It was one of the big applause lines in President Barack Obama's State of the Union address: "We can either settle for a country where a shrinking number of people do really well while a growing number of Americans barely get by, or we can restore an economy where everyone gets a fair shot, and everyone does their fair share, and everyone plays by the same set of rules."

Strict grammar violation notwithstanding -- the singular "everyone," takes "his" or "her," not "their" -- the set of rules the president wants us all to play by were made in Washington.

Millionaires paying an effective 15 percent tax rate because their income is from investments? Blame the tax code. Carried interest, a form of income that accrues to hedge fund and private equity managers, taxed at the more favorable capital gains rate? The tax code's the culprit.

Yes, there are a lot of tax cheats out there who aren't playing by the rules. What Obama objects to -- Warren Buffett playing a lower effective tax rate than his secretary -- is ordained by the grotesque, 72,536-page tax code.

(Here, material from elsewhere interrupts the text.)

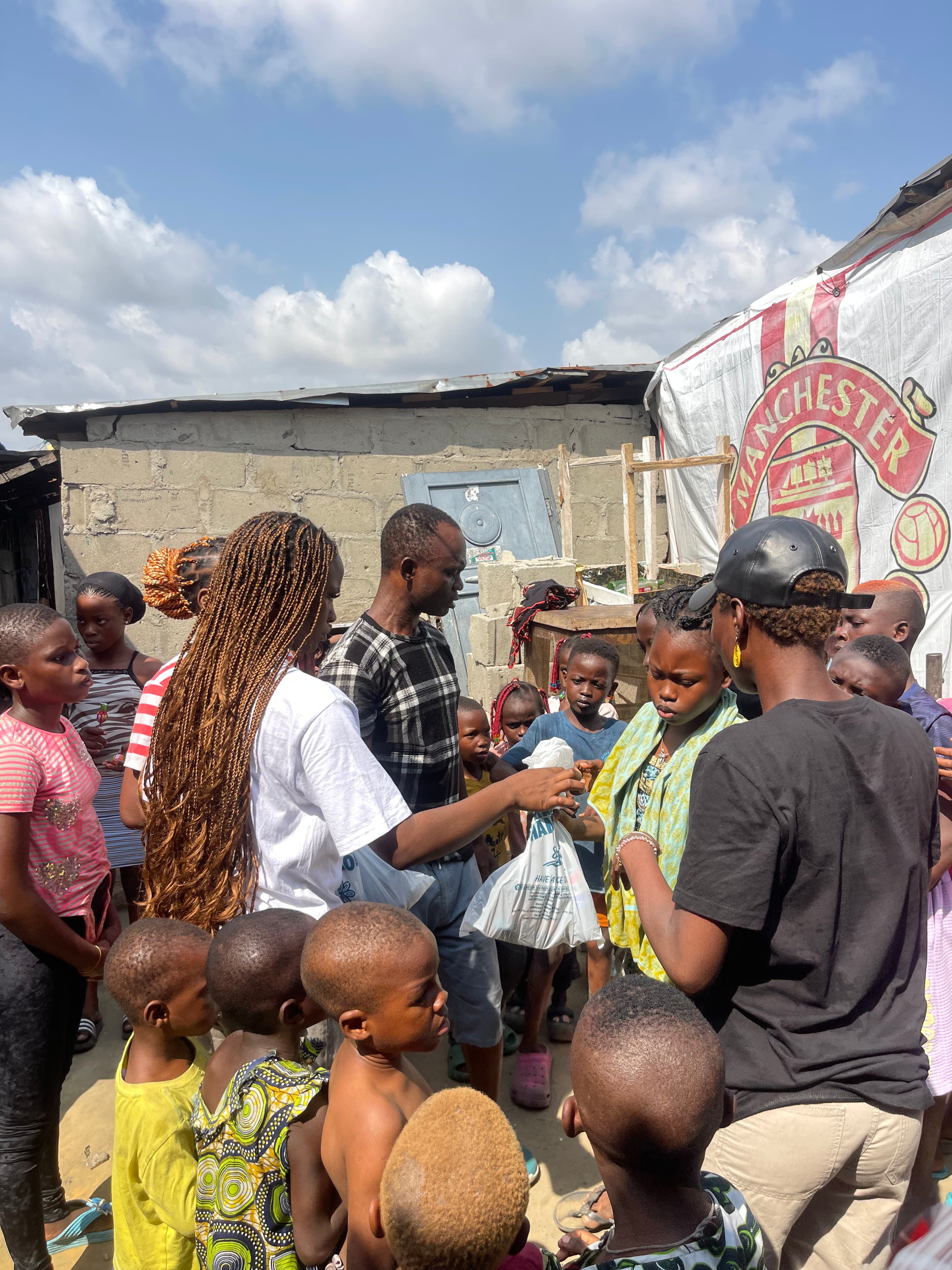 Food distribution at Share a Meal community event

In researching a recent column, I went back to "The Flat Tax," published by economists and Hoover Institution fellows Robert Hall and Alvin Rabushka in 1985. They proposed a revenue-neutral flat tax of 19 percent. All income would be taxed once, and only once, at the same rate and as close to the source as possible. "Whenever different forms of income are taxed at different rates or different taxpayers face different rates," they write, "the public figures out how to take advantage of the differential."